What the task asks:
In the records below, repeat word for word only the lines starting at the one that contains "Heren winterjas met" and ending at the one that contains "Worthy Is The", pictures excluded.

[Dataset records]

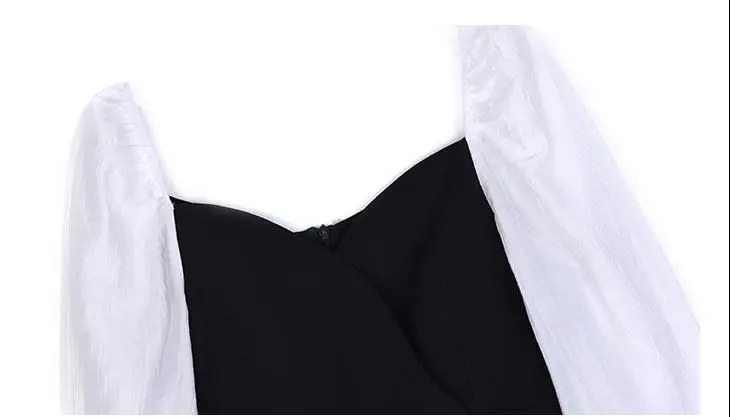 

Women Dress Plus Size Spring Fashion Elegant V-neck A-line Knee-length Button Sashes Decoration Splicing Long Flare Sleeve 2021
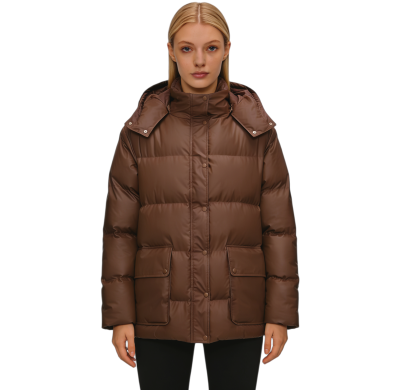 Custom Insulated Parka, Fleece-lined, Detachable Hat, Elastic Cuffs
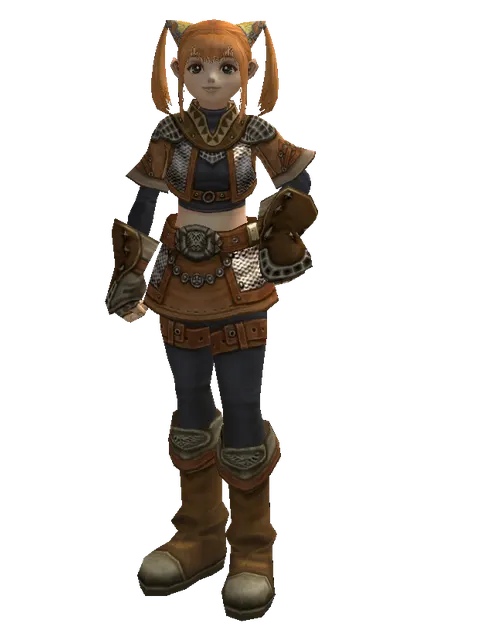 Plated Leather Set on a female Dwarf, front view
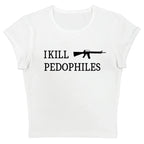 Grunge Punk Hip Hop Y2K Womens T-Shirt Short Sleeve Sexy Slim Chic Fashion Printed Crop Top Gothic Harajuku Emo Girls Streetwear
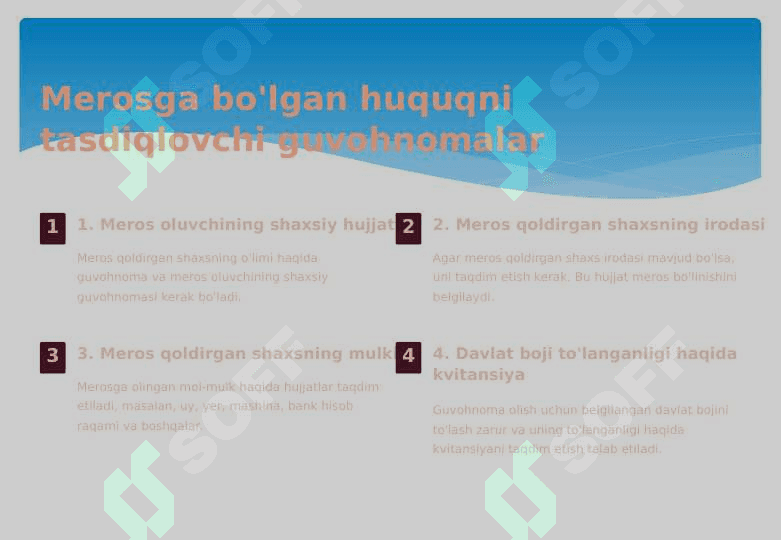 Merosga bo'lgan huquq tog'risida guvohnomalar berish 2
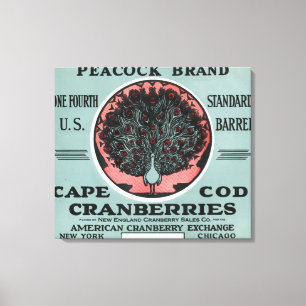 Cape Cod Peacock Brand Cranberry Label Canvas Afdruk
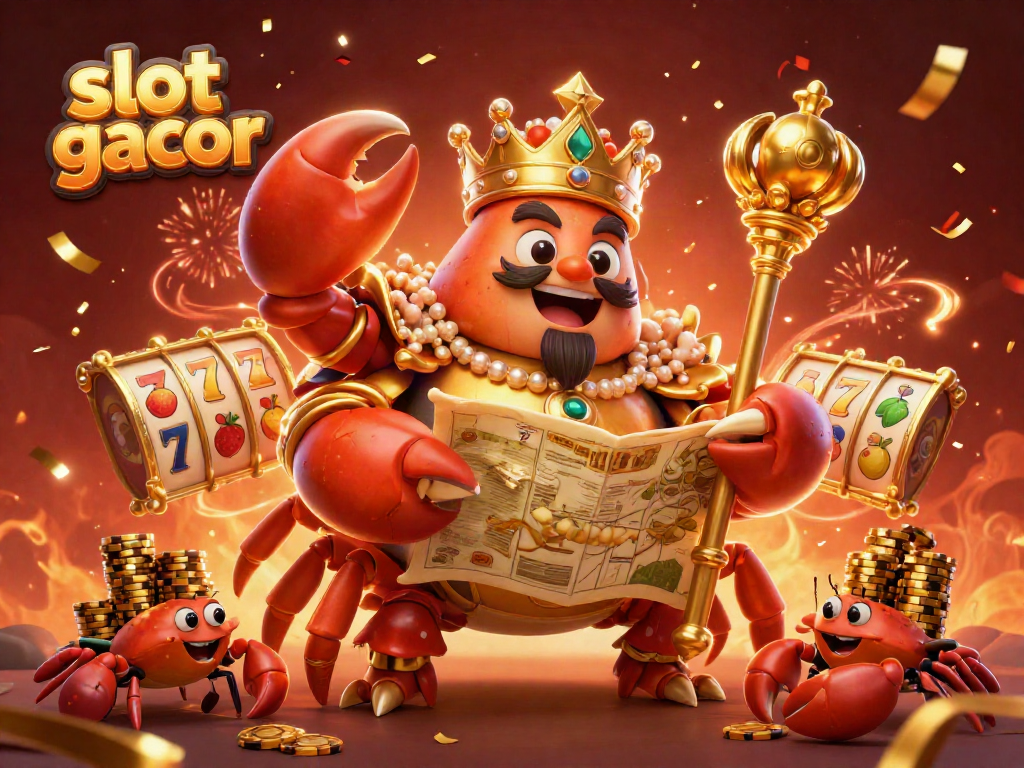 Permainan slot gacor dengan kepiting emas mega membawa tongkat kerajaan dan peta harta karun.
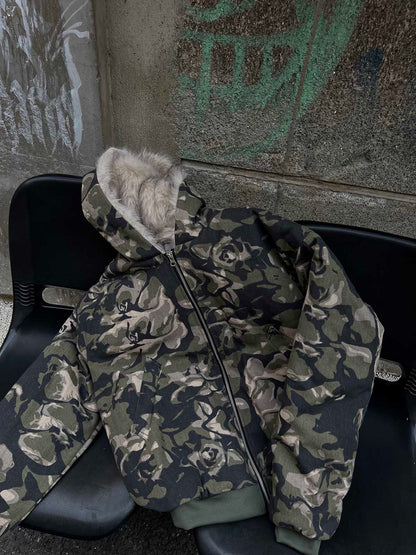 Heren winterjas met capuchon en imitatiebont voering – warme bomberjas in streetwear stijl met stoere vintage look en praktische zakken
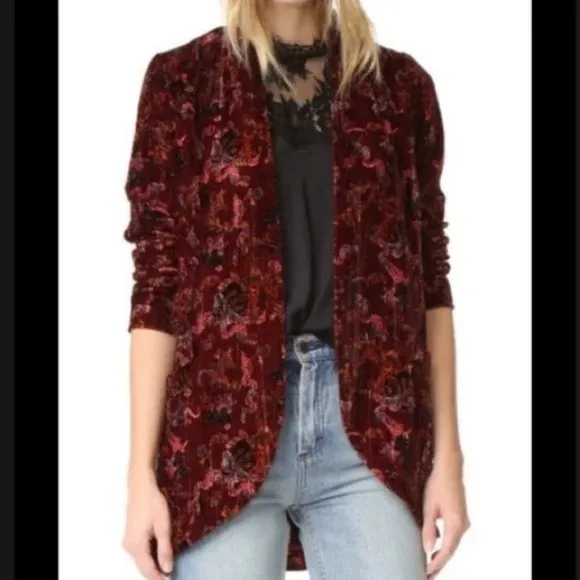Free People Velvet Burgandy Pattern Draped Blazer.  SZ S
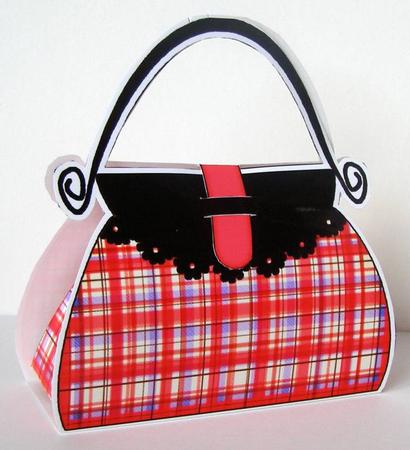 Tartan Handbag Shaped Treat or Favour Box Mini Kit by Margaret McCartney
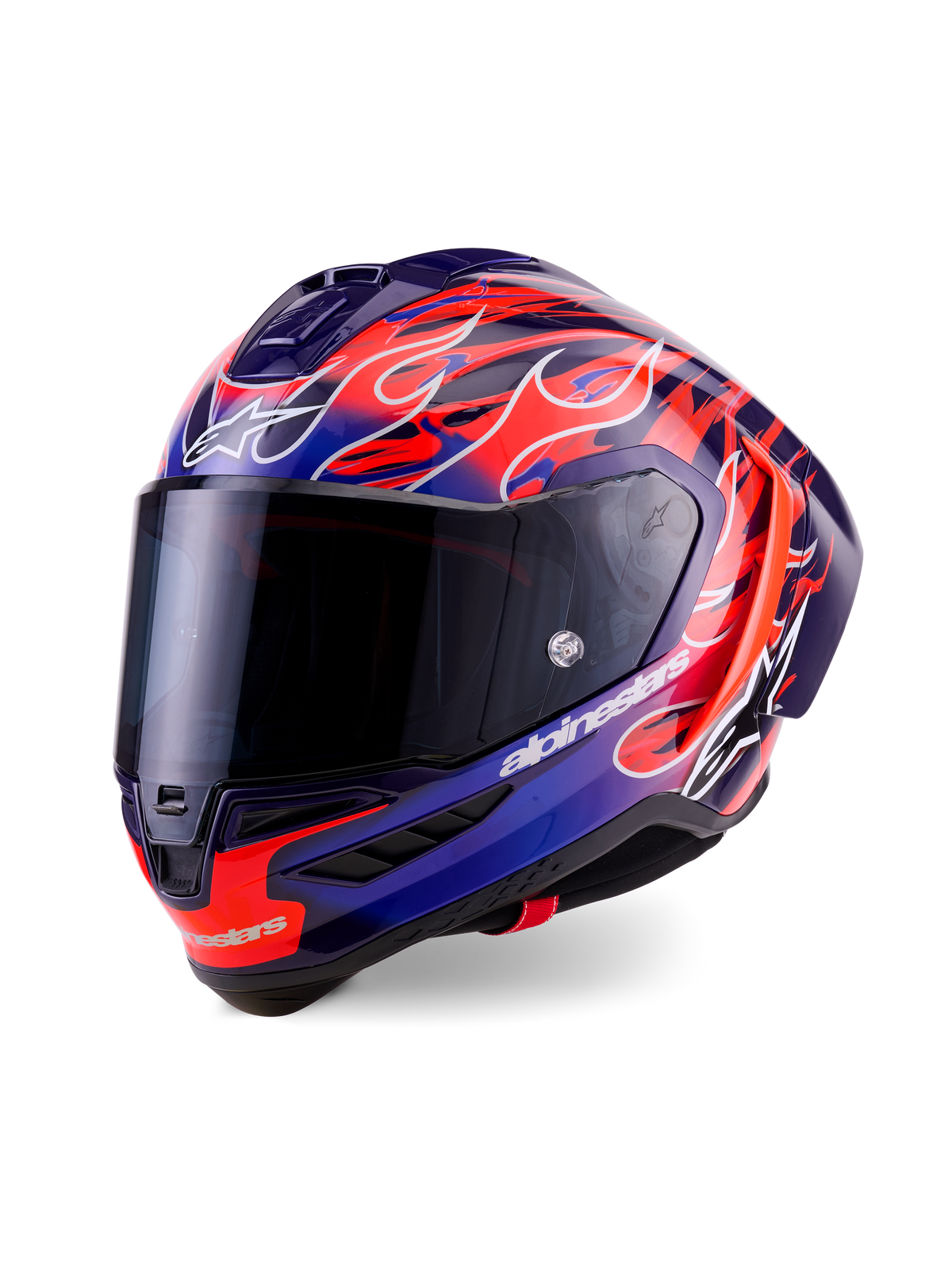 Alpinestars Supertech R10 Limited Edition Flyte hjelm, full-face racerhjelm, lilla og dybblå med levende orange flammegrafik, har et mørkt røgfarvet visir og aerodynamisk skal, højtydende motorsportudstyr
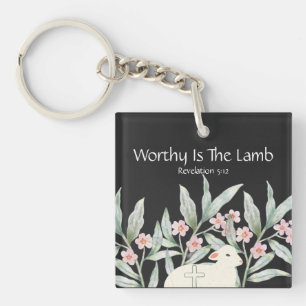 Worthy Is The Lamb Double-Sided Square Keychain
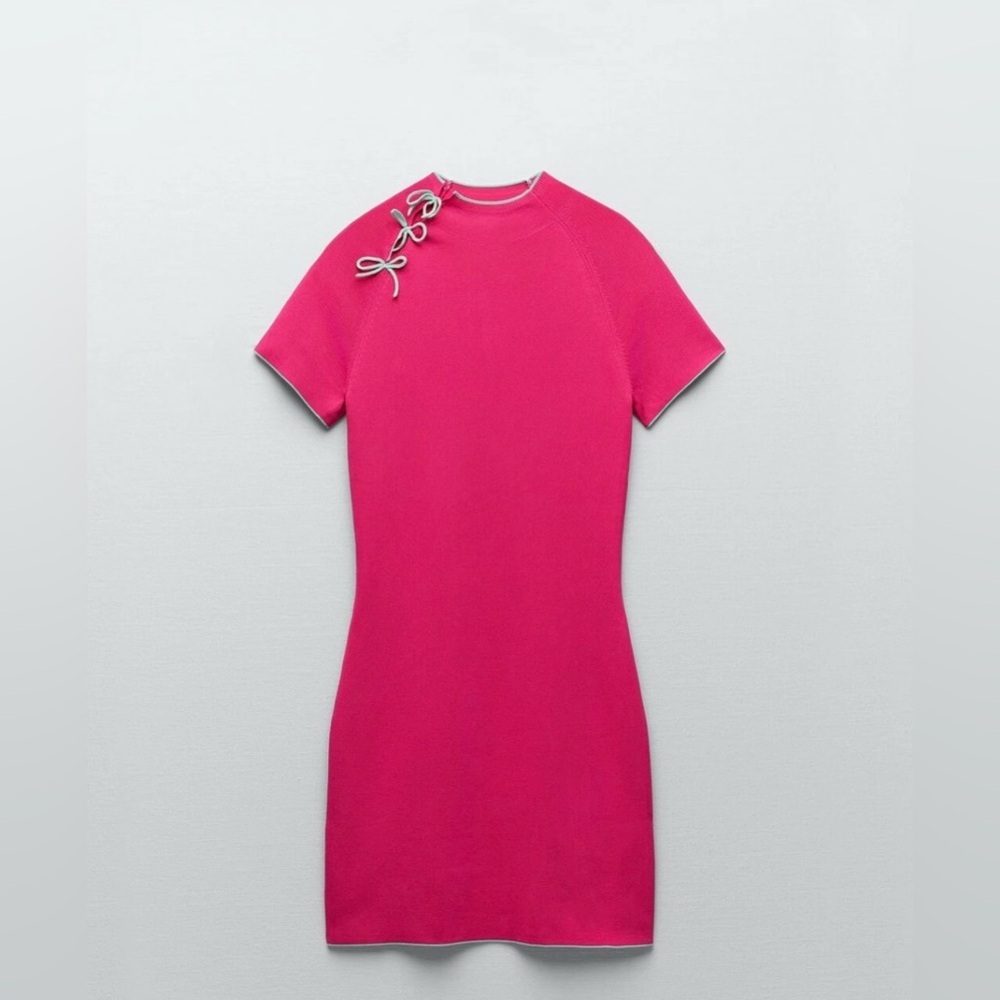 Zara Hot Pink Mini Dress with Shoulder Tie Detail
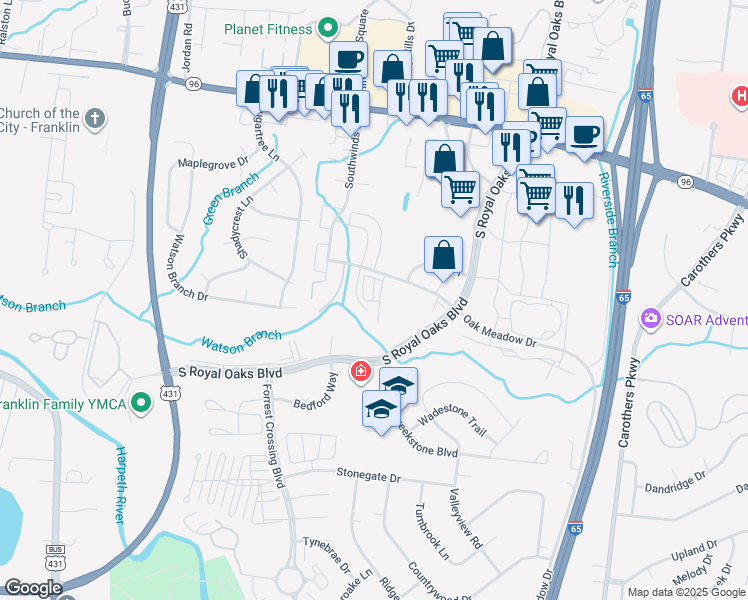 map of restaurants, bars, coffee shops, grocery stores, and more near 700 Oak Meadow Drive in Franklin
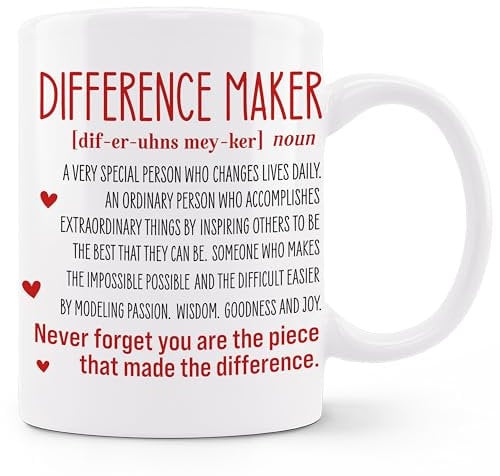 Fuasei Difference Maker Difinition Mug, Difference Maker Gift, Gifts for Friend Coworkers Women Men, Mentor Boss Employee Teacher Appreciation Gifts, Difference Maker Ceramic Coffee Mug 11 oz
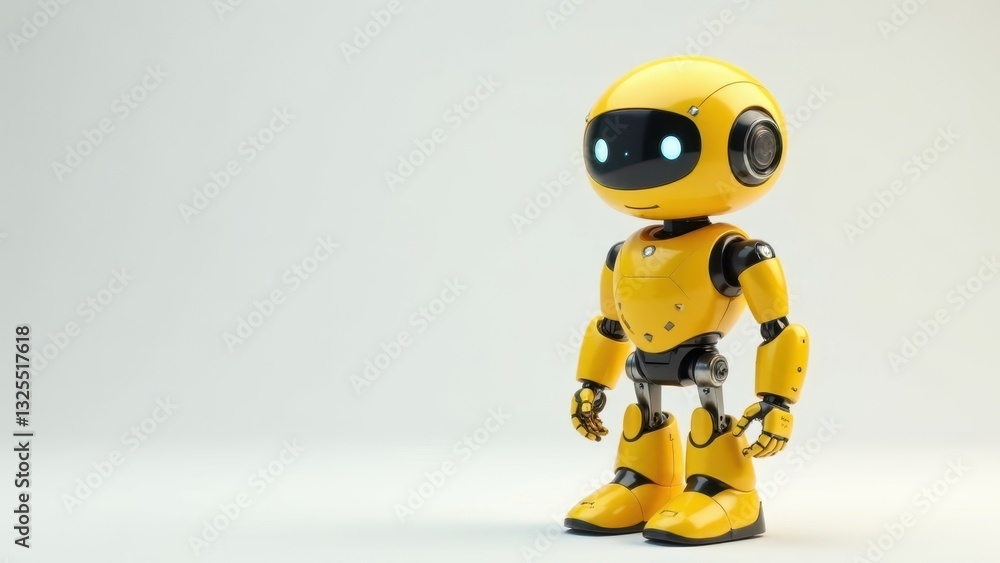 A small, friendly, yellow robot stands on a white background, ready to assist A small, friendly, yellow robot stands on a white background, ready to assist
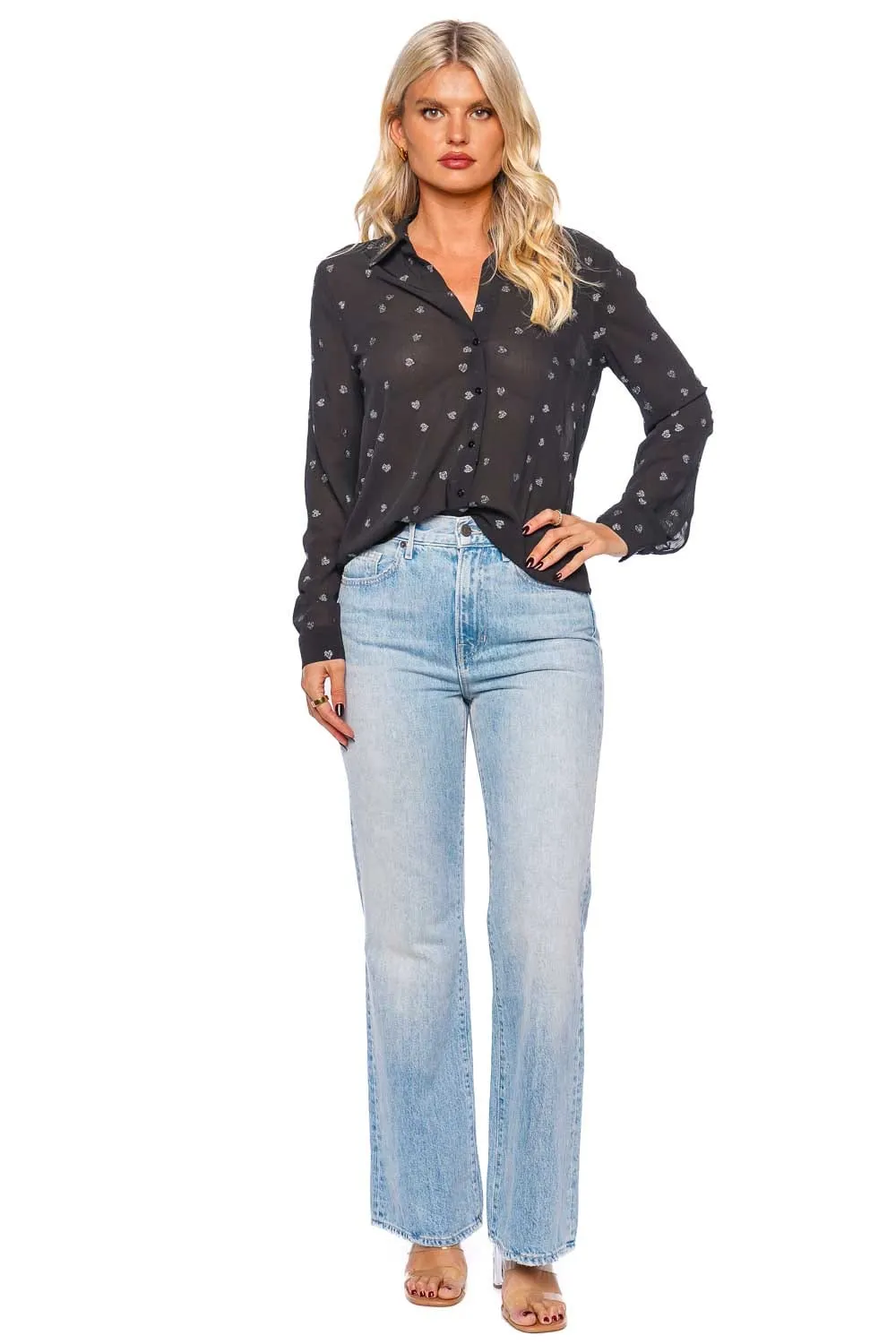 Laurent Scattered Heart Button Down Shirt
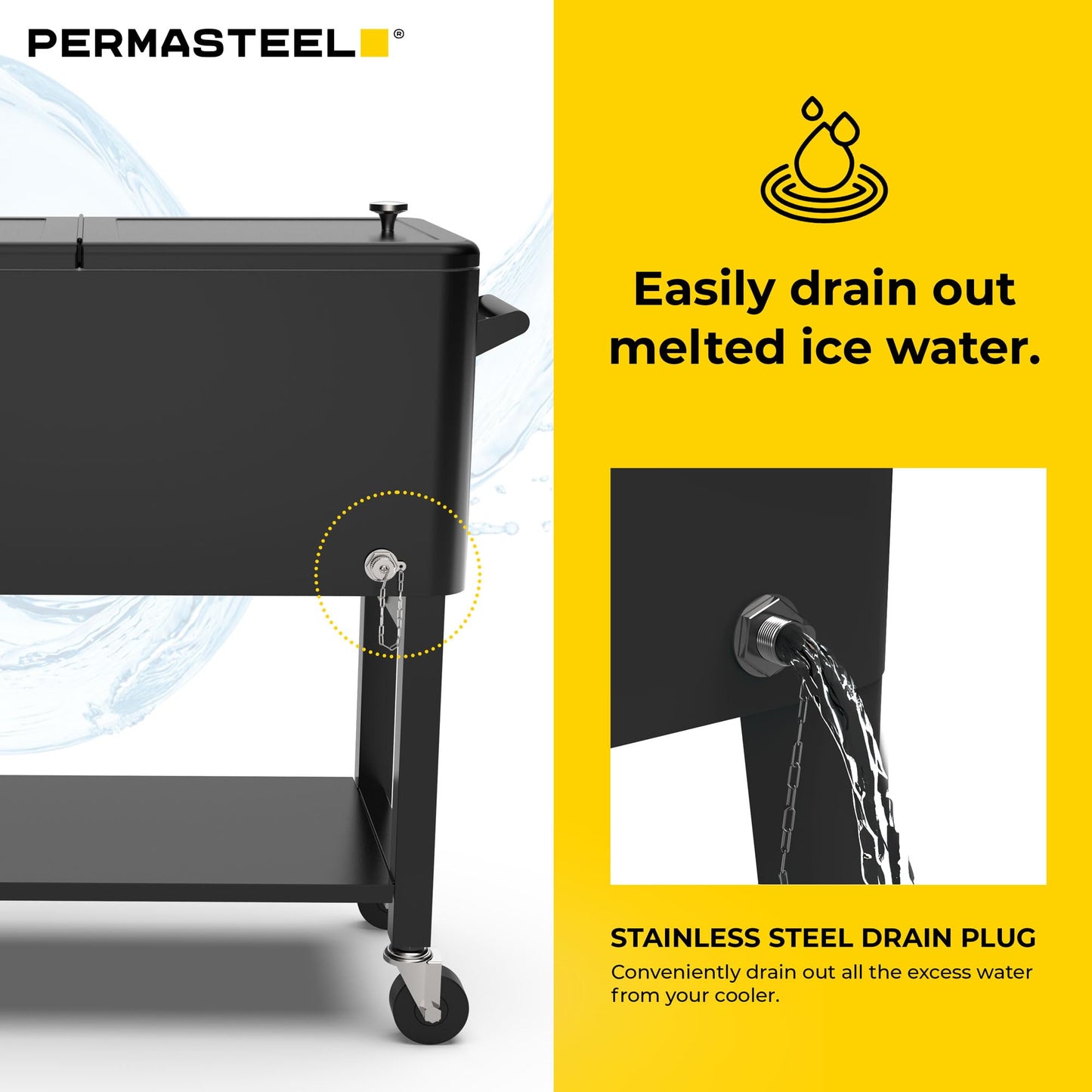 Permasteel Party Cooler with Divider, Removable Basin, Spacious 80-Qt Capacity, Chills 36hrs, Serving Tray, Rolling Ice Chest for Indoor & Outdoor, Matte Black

[/Dataset records]

Result for this exercise:
 Heren winterjas met capuchon en imitatiebont voering – warme bomberjas in streetwear stijl met stoere vintage look en praktische zakken
Free People Velvet Burgandy Pattern Draped Blazer.  SZ S
 Tartan Handbag Shaped Treat or Favour Box Mini Kit by Margaret McCartney
 Alpinestars Supertech R10 Limited Edition Flyte hjelm, full-face racerhjelm, lilla og dybblå med levende orange flammegrafik, har et mørkt røgfarvet visir og aerodynamisk skal, højtydende motorsportudstyr
 Worthy Is The Lamb Double-Sided Square Keychain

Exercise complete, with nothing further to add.